Abstract: Differential privacy provides a rigorous framework for ensuring that the outputs of data-driven systems do not reveal too much sensitive information about individuals in their input. For statistical estimation, practical private algorithms should ideally combine strong accuracy guarantees, computational efficiency, robustness, and minimal reliance on user-specified assumptions. In this talk, I will present algorithmic techniques for private multivariate estimation that achieve strong error guarantees without requiring prior information about the data, by leveraging robustness against data poisoning attacks. I will highlight the deeper connection between differential privacy and robustness that underlies these results. Finally, I will discuss how this connection also reveals inherent limitations for designing computationally efficient estimators, as well as new directions to overcome them.
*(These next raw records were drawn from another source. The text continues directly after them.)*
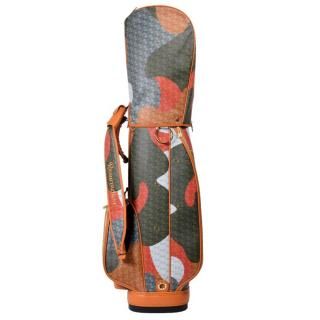 Caddy Bag - Resurrection レザレクション オフィシャルサイト Caddy Bag - Resurrection レザレクション オフィシャルサイト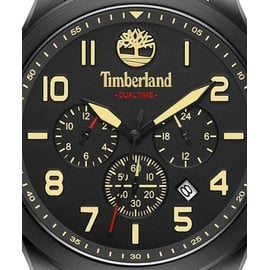 Timberland ASHMONT TDWGF0009701 Herrenchronograph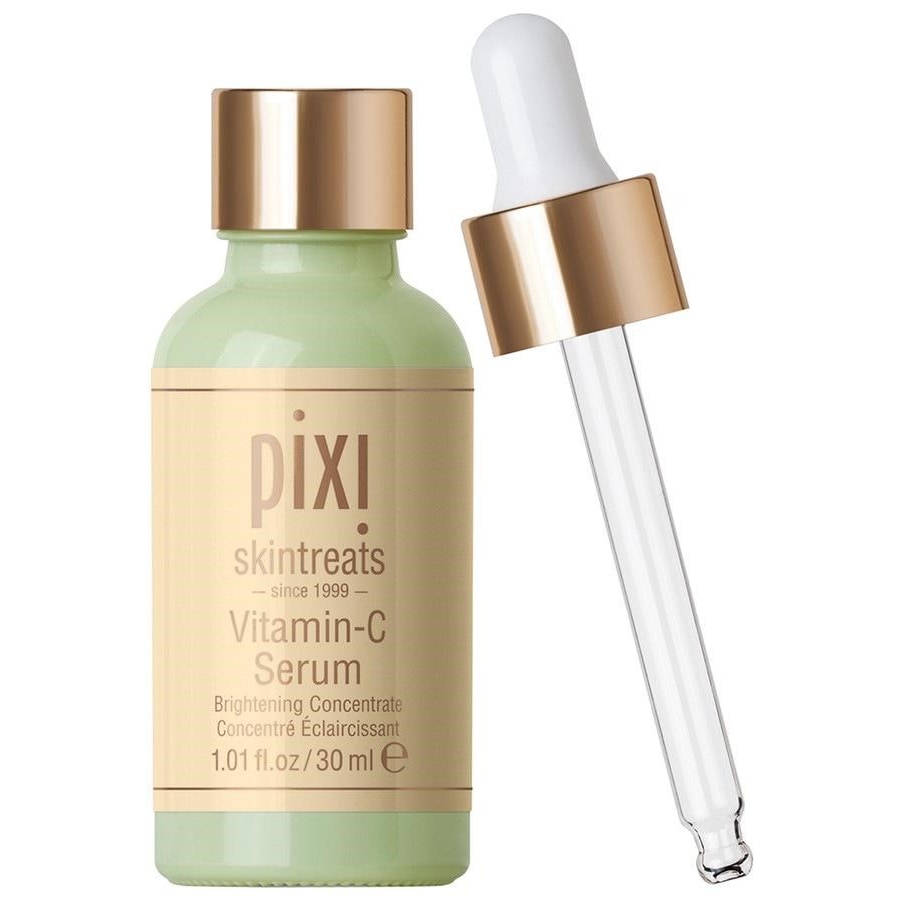 Pixi Pielęgnacja twarzy Vitamin-C Serum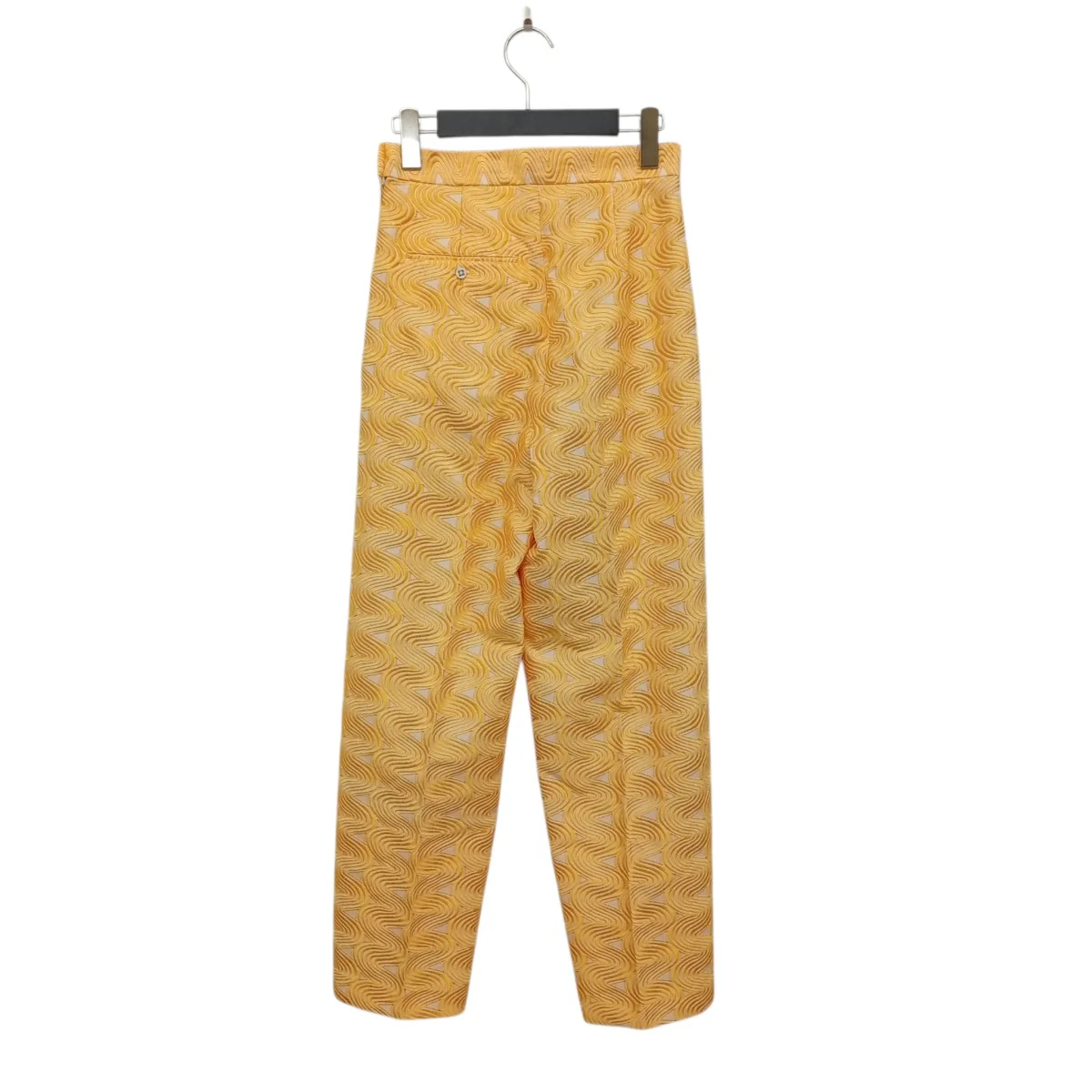 ACQGUARD PANTSパンツ22SPT-#223L - Image 2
This talk is based on the following joint works:
- Covariance-aware private mean estimation without covariance estimation: Brown, Gaboardi, Smith, Ullman, Zakynthinou (NeurIPS 2021)
- From robustness to privacy and back: Asi, Ullman, Zakynthinou (ICML 2023)
- Tukey depth mechanisms for practical private mean estimation: Brown, Zakynthinou (ongoing, 2025)
Bio: Lydia Zakynthinou is an assistant professor of Computer Science at Johns Hopkins University and a member of DSAI. Before joining JHU, she was a FODSI postdoctoral fellow at the Simons Institute for the Theory of Computing, UC Berkeley, hosted by Michael I. Jordan. She received her Ph.D. in Computer Science from Northeastern University, advised by Jonathan Ullman and Huy Nguyen, and her M.S. in Logic, Algorithms, and Theory of Computation, as well as her B.S. in Electrical and Computer Engineering, from the National Technical University of Athens, Greece. Her research focuses on the theoretical foundations of trustworthy machine learning and statistics, with an emphasis on data privacy. She is also a committee member of the Learning Theory Alliance, a community-building initiative.